Mais le quorum a bien été atteint. Il y a 325 députés, selon des préposés au décompte. Hier, ils étaient 285 et 301 à signer la pétition pour cette motion de censure. Il y a déjà six isoloirs et une urne. Tout est déjà en place. Le vote devrait commencer juste après la lecture de la motion de censure. Ensuite, il faudra dépouiller, mais du côté des partisans du président Félix Tshisekedi, on est confiant. Le gouvernement de Sylvestre Ilunga est déjà de l’histoire ancienne.

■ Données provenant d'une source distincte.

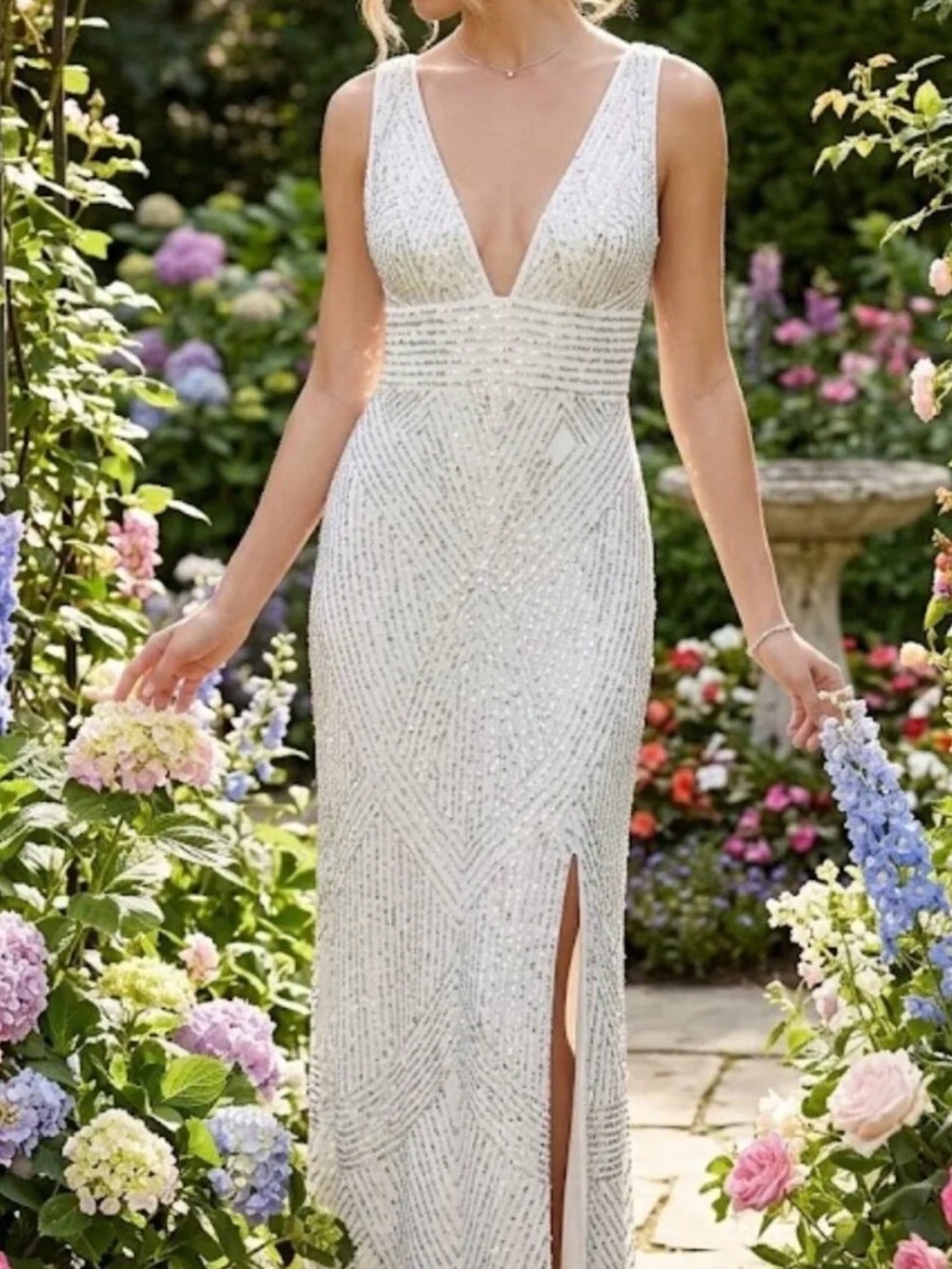 Elegant V-Neck White Beaded Evening Dress - Miss Selfridge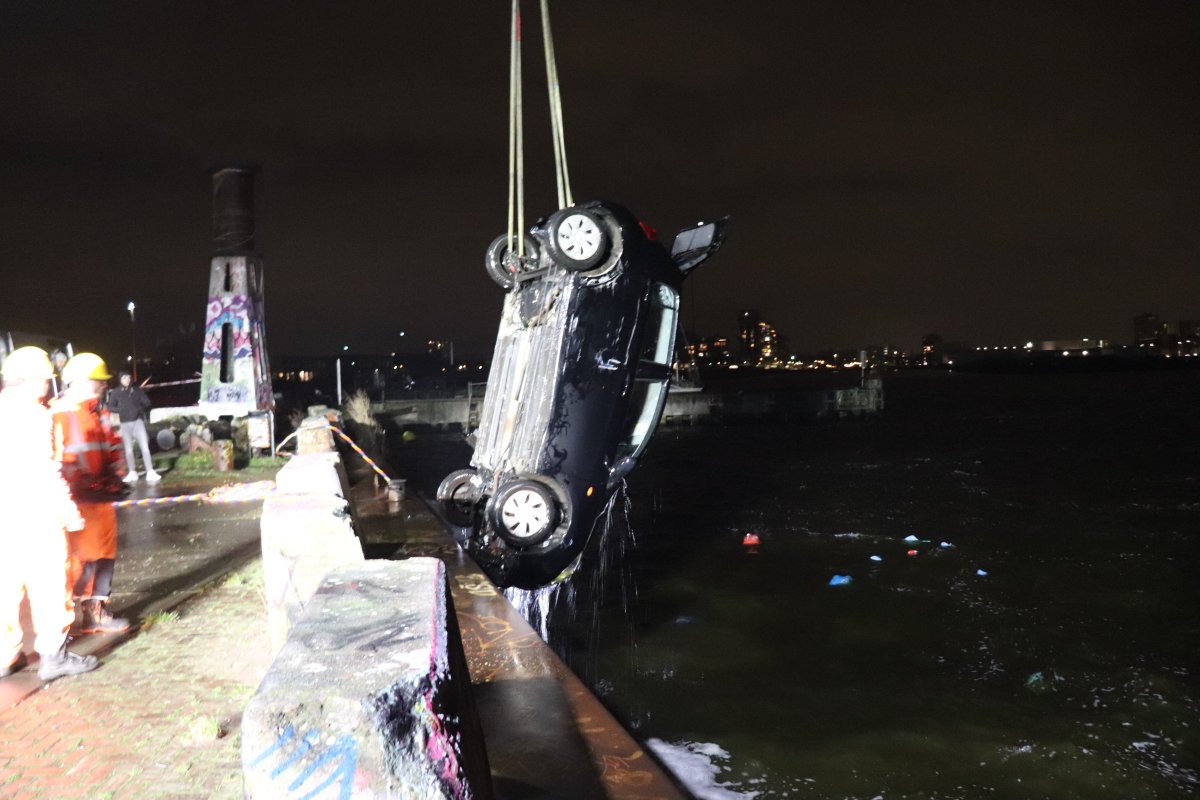 #Amsterdam-Noord Tuindorp Oostzaan. #Auto met twee inzittenden is vanavond in ' t IJ belandt bij het #NDSM-Plein. Het #waterongeval vond om 18.44 uur plaats en werd opgeschaald naar zeer groot waterongeval. Twee slachtoffers per #amb onder #politiebelegeiding <a href="/POL_TV_AM/">Verkeerspolitie Amsterdam</a> naar zkh.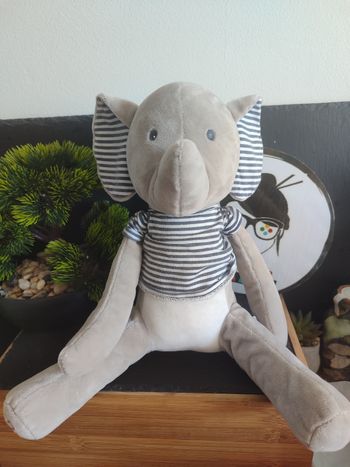 Doudou éléphant gris blanc oreilles t-shirt rayé bleu Obaïbi Okaïdi Peluche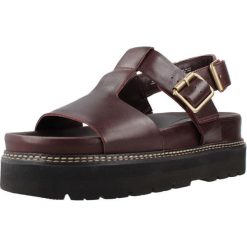 Sandały CLARKS ORIANNA SKY Bordeaux. Czerwone sandały damskie Clarks, bez wzorów, ze skóry, bez obcasa, bez zapięcia. Za 432.99 zł.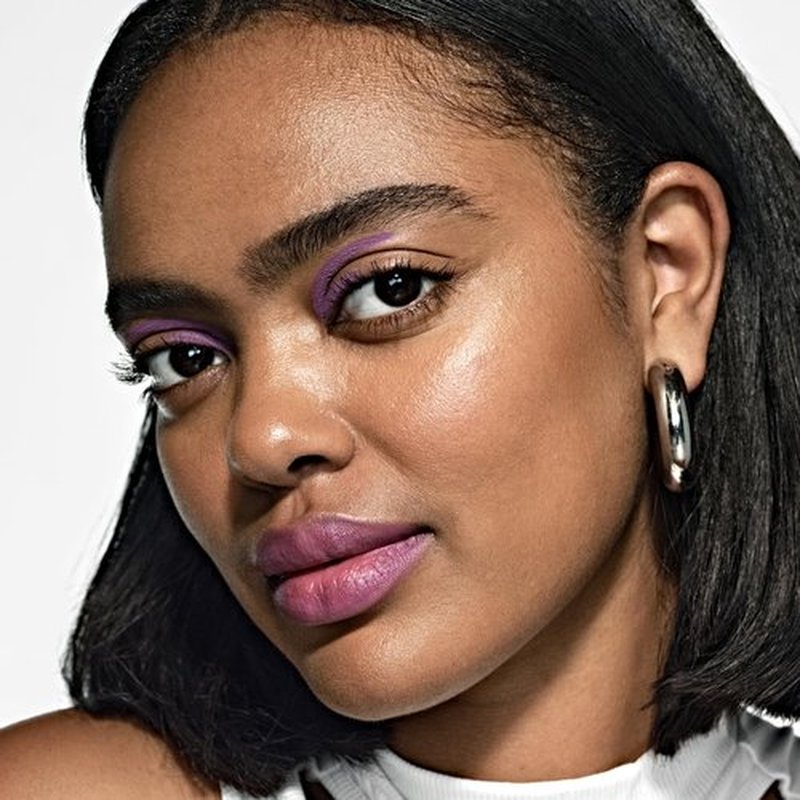 Smashbox Halo Healthy Glow All-In-One Tinted Moisturizer SPF 25 | Light to Medium Coverage| Hyaluronic Acid, Oil free + Anti Humidity, 1.4 Fl Oz, Tan Medium Dark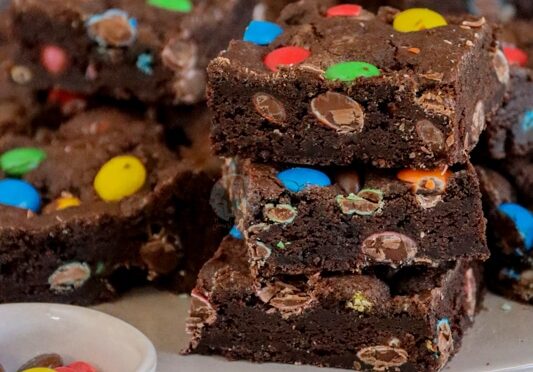 M&M Cookie Bars!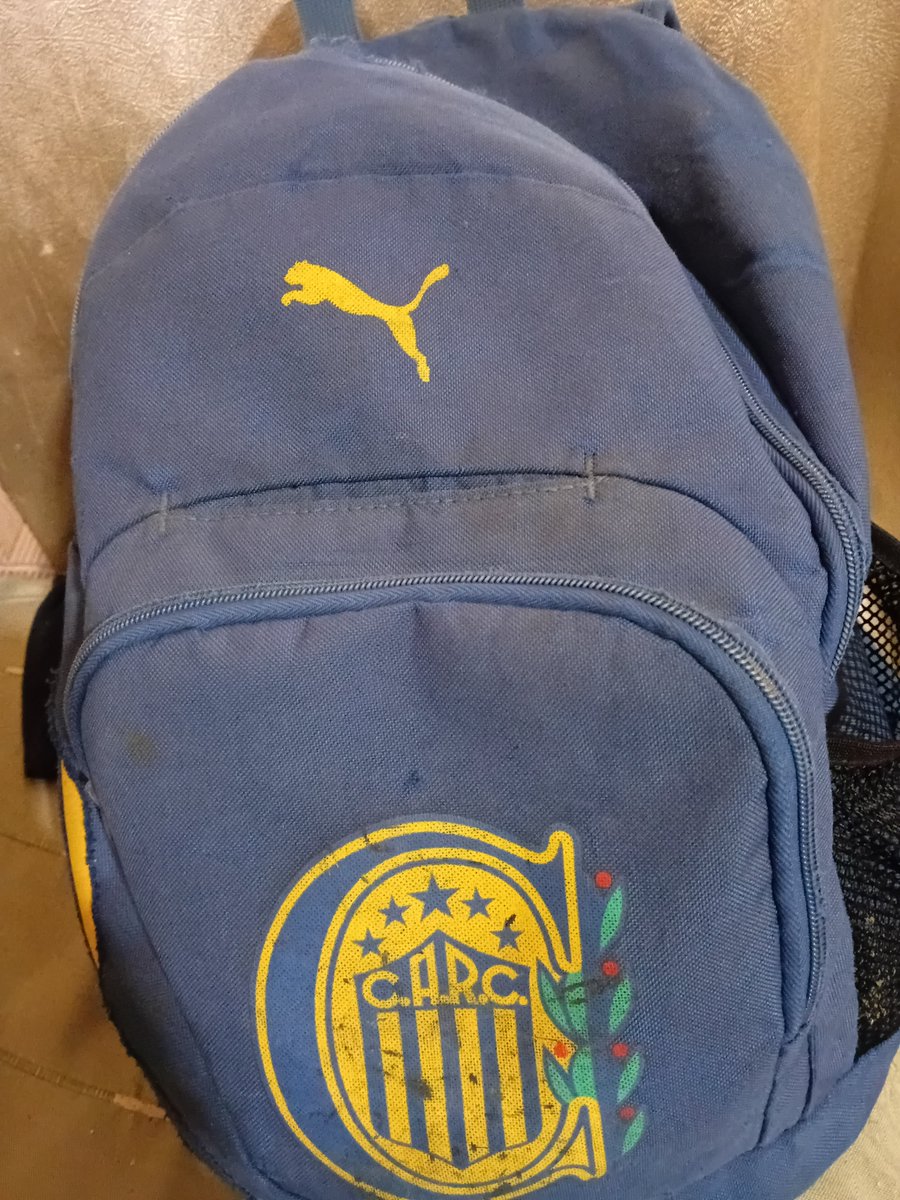 Carc1971_'s tweet photo. Si no es la mejor mochila de la Historia de las mochilas pasa raspando. 15 años tiene y mi viejo la sigue llevando al laburo https://t.co/puVQe5B8Nk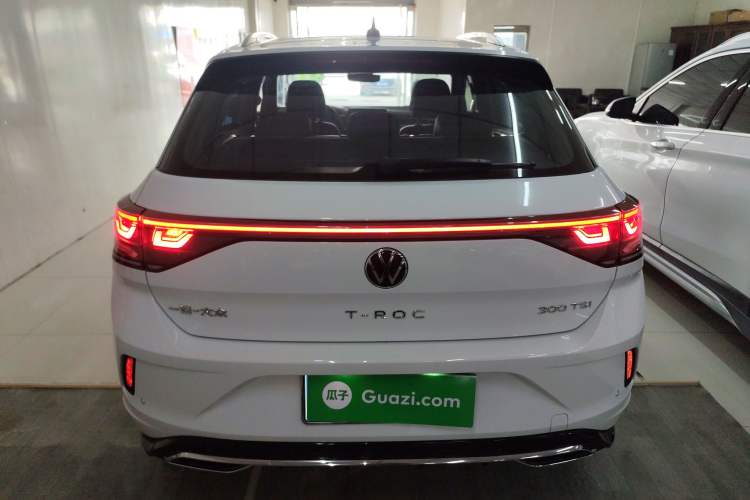 Used Volkswagen T-ROC 2024 300TSI DSG Two-Wheel-Drive Chen Guang Edition Rear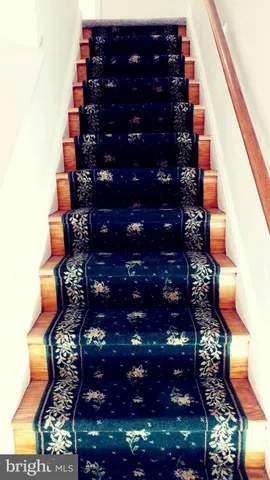 $3,150 | 429 Hampton Court, Unit 138, Falls Church, VA 22046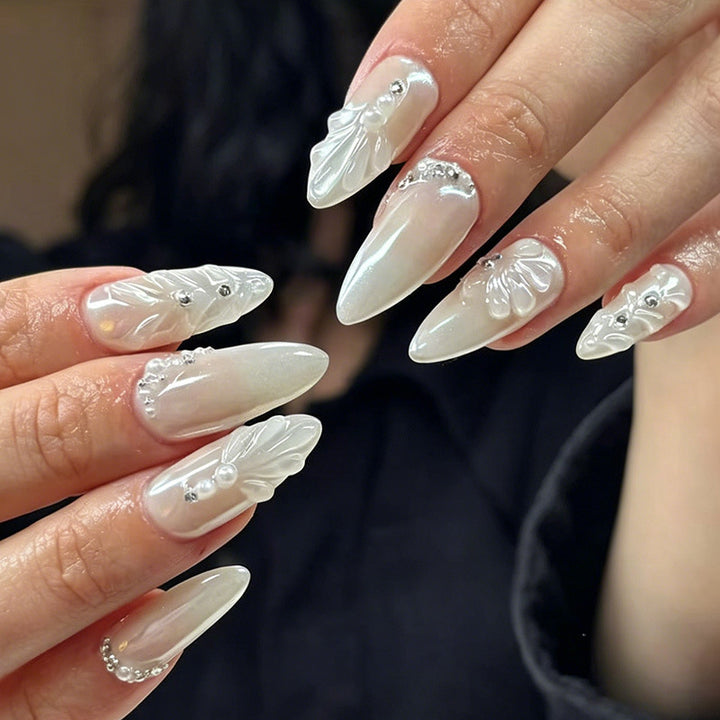 Elegante mit Strass veredelte Nagelspitzen Karnz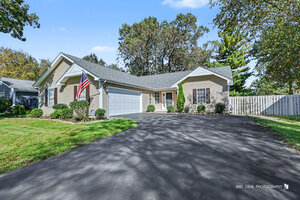 Photo of 714 Dartmouth Drive Island Lake IL 60042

L'Union sacrée en bonne voie

Pendant ce temps, les choses s’accélèrent du côté de l’Union sacrée, la majorité que veut constituer le président congolais. Les opposants Moise Katumbi et Jean-Pierre Bemba et les partis qu’ils représentent vont y adhérer. La signature est prévue cette après-midi. Les négociations étaient en cours depuis des semaines. Les noms de l’ancien gouverneur du Katanga et de l’ex-vice-président avaient même circulé pour les postes d’informateur ou de Premier ministre.

En parallèle, le bureau provisoire de l’Assemblée a annoncé le chronogramme de l’élection du bureau définitif de l’assemblée. Car parmi les points d’achoppement entre Félix Tshisekedi et ses anciens alliés de l’opposition, il y avait bien sûr les questions de répartition de postes à l’Assemblée, comme au gouvernement.

Évidemment, cette annonce n’est pas du goût de Martin Fayulu, l’ancien candidat à la présidentielle et actuel coordonnateur de la principale plateforme de l’opposition jusqu’ici Lamuka. Il demande à ses deux partenaires de « tirer toutes les conséquences » de leur adhésion à l’Union sacrée.